PSC’s offer was among multiple bids submitted to the trustee by the Dec. 11 deadline, according to a court filing.
The company specializes in the fabrication of foam, rubber, fiberglass and adhesives for sound-dampening thermal insulation and sealing in automotive and other industries.
Founded in 1954, PSC is owned by California-based PMC Global Inc. and has grown to $180 million in annual revenue and 22 plants in the U.S., Mexico and China, according to its website. It does not have operations in Michigan.
“The Trustee likewise determined, in his business judgment and based on the same criteria, that a further marketing and/or bid procedures process would not be in the best interest of the Estates given the efforts already taken and the attendant delay and costs associated with a further process,” according to the motion filed by the trustee. “The Trustee, in his business judgment, believes that the sale of the Acquired Assets to the Buyer maximizes value under the circumstances.”
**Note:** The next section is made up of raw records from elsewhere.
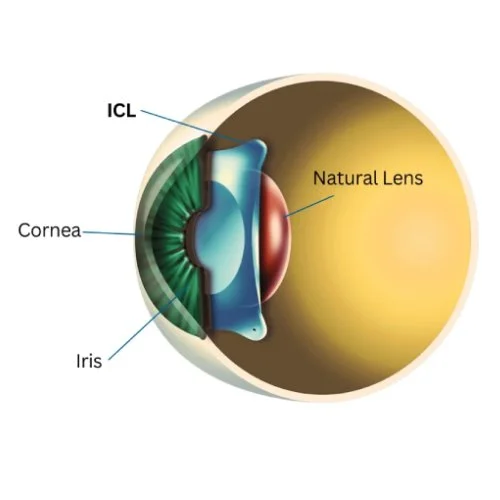 ICL Surgery in Delhi is Revolutionizing Vision Correction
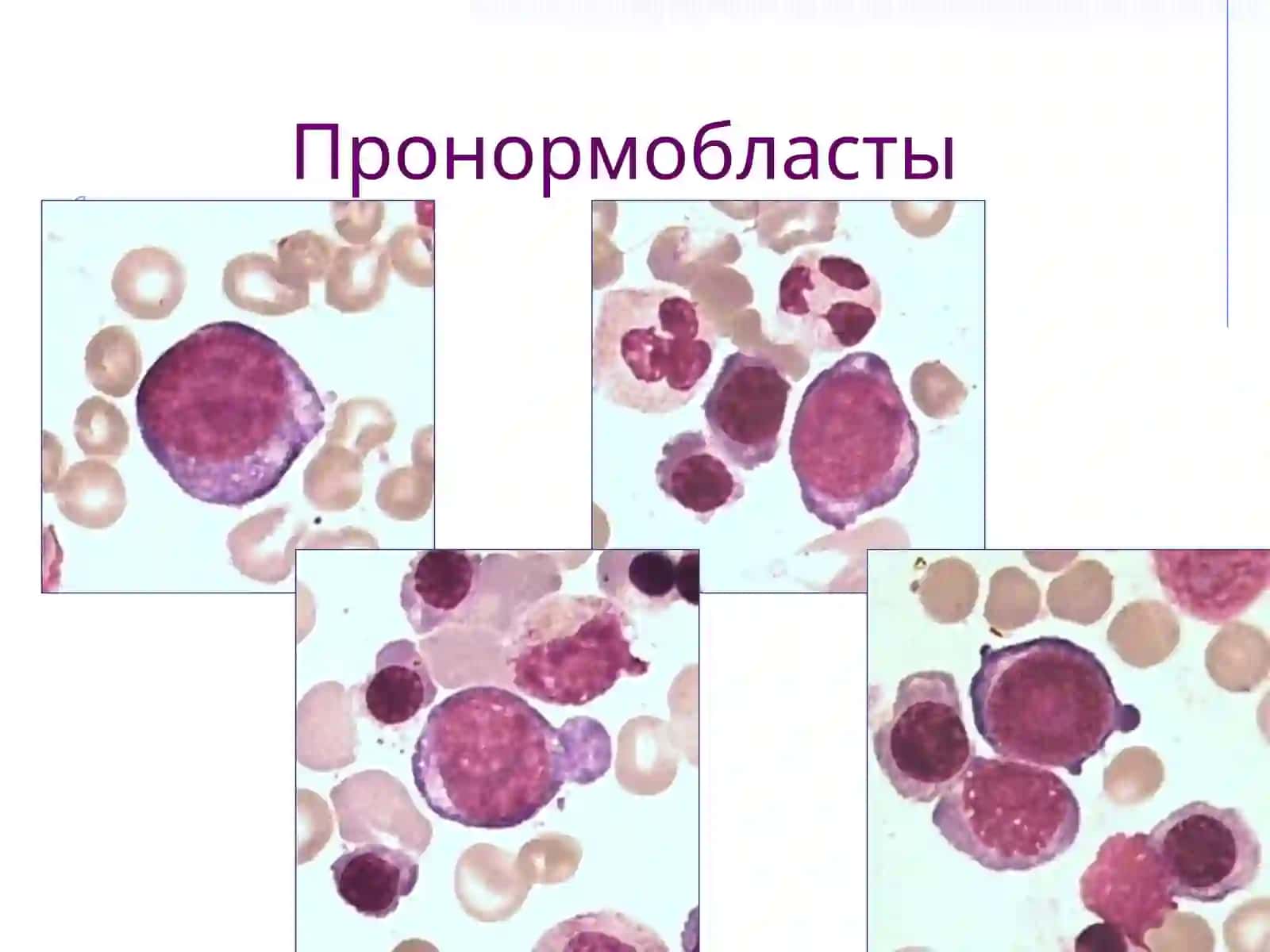 ERITROPOEZ XUJAYRALARINING MORFOLOGIYASI 4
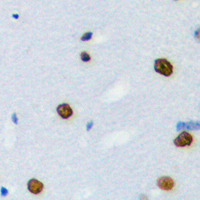HnRNPLL / HNRPLL Antibody - Immunohistochemical analysis of hnRNP LL staining in human brain formalin fixed paraffin embedded tissue section. The section was pre-treated using heat mediated antigen retrieval with sodium citrate buffer (pH 6.0). The section was then incubated with the antibody at room temperature and detected using an HRP conjugated compact polymer system. DAB was used as the chromogen. The section was then counterstained with hematoxylin and mounted with DPX.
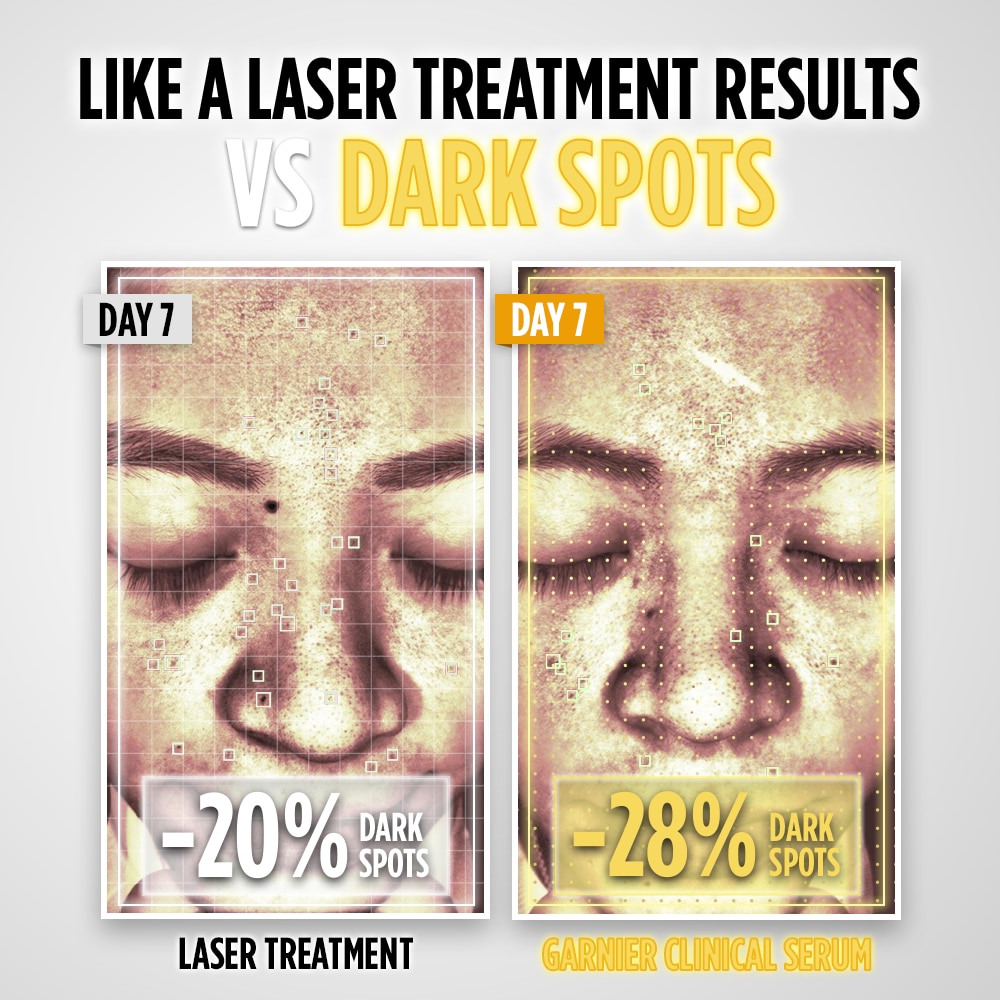 GARNIER Clinical Serum with Tranexamic Acid 30ml image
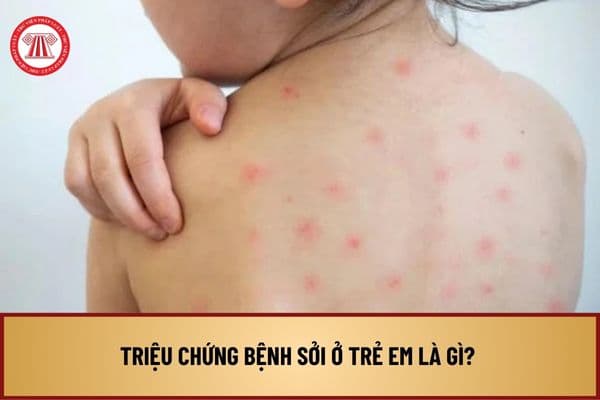 Triệu chứng bệnh sởi ở trẻ em là gì? Trẻ em có thể tử vong do biến chứng của bệnh sởi phải không?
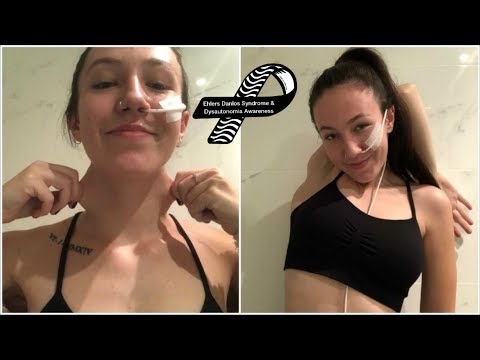 ♡ EDS Awareness 2018: My Journey to a Diagnosis! | Amy Lee Fisher ♡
A hearing in Delaware bankruptcy court with Judge Karen Owens is scheduled for Jan. 25. Objections are due by Jan. 16.
In addition to its headquarters offices, Unique had sales, engineering, production and storage facilities in Auburn Hills and Concord, Mich. Those properties were leased and are not part of the assets being bid on. Its plants in Mexico and Canada also are not part of the deal.
Liquidation marks the end for the long-troubled company, which made its initial public offering in 2015 at $11 per share. It lost nearly all of its value in the weeks leading up to bankruptcy.
Unique Fabricating disclosed last April that it was facing insolvency after falling into default with its lender Citizens Bank NA, which halted automatic advances under its revolving line of credit.
At the same time, the company came under fire in Mexico for allegedly "obstructing workers' freedom of association and right to collective bargaining," prompting an investigation by the U.S.-Mexico-Canada Agreement's Interagency Labor Committee for Monitoring and Enforcement.
The following month, GM, Stellantis and Yanfeng agreed to bail out the insolvent supplier with price increases and investment of up to $15 million to tide over the company. It is unclear what role, if any, production stoppages due to the United Auto Workers strike in the fall played in preventing Unique Fabricating from regaining its footing.
Like other automotive suppliers, Unique was struggling with production volatility, shrinking volumes and inflation.
Executives at the company have declined requests for comment.
“The Buyer has demonstrated its financial wherewithal to satisfy its obligations under the Purchase Agreement, including its payment of the Purchase Price and otherwise provided adequate assurance of future performance of the Purchase Agreement,” the motion said.